What is needed — Exact reproduction of all the data is required, with pictures excluded.

=== Data block ===

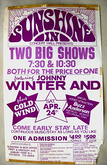 Johnny Winter / Buzz Anderson / Cold Wind on Apr 24, 1971 [588-small]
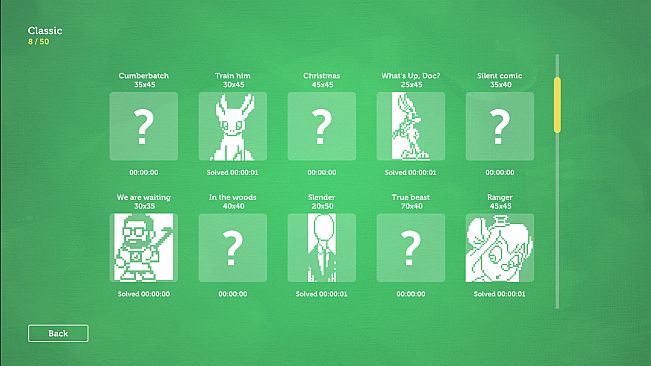 Nonogram - Master's Legacy, Classic Pack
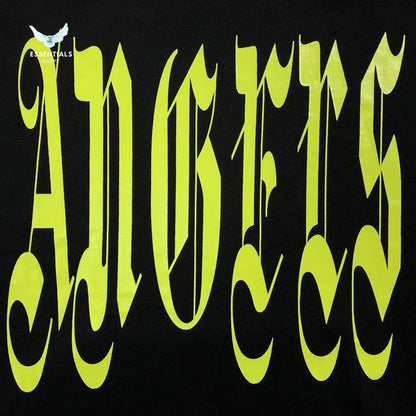 Palm Angels graphic hoodie with front print and sleeve detail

===

Reply —
 Johnny Winter / Buzz Anderson / Cold Wind on Apr 24, 1971 [588-small]
 Nonogram - Master's Legacy, Classic Pack
 Palm Angels graphic hoodie with front print and sleeve detail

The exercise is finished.